In 1938 Peter McWilliam would return to manage Spurs but his time would be interrupted by the Second World War and he would retire. However, his influence and Scottish-influenced tactical thinking did not end at home or abroad. Arthur Rowe would take Spurs to the title in 1951 using Push-and-Run, the passing game derived from McWilliam's practise routines. Bill Nicholson would a decade later do the League and Cup Double with Spurs and take the club into Europe with the brawny skills of Dave Mackay and the spectral ones of John White. Vic Buckingham, having with West Bromwich also come within a whisker of the Double, would work in part abroad. There he would be instrumental in the expansion of the youth system at Ajax, where thirty five year earlier another ex-McWilliam player, Sid Castle, had also been integral to its establishment, and go on to introduce much the same youth system at Barcelona.
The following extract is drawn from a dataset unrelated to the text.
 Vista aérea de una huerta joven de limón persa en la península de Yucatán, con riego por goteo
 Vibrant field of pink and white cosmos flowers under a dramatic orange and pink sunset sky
At Ajax he would be the one to introduce a young Johan Cruyff to the first team and, long after both Scientific football and The Cross had faded in their Scottish birthplace, Cruyff, of course, would not just be literally pivotal to their product, Dutch Total Football, but also the author, based on foundations laid by Buckingham, of the modern Barcelona youth system and thus the team of the first decade of the 21st Century and indirectly Manchester City.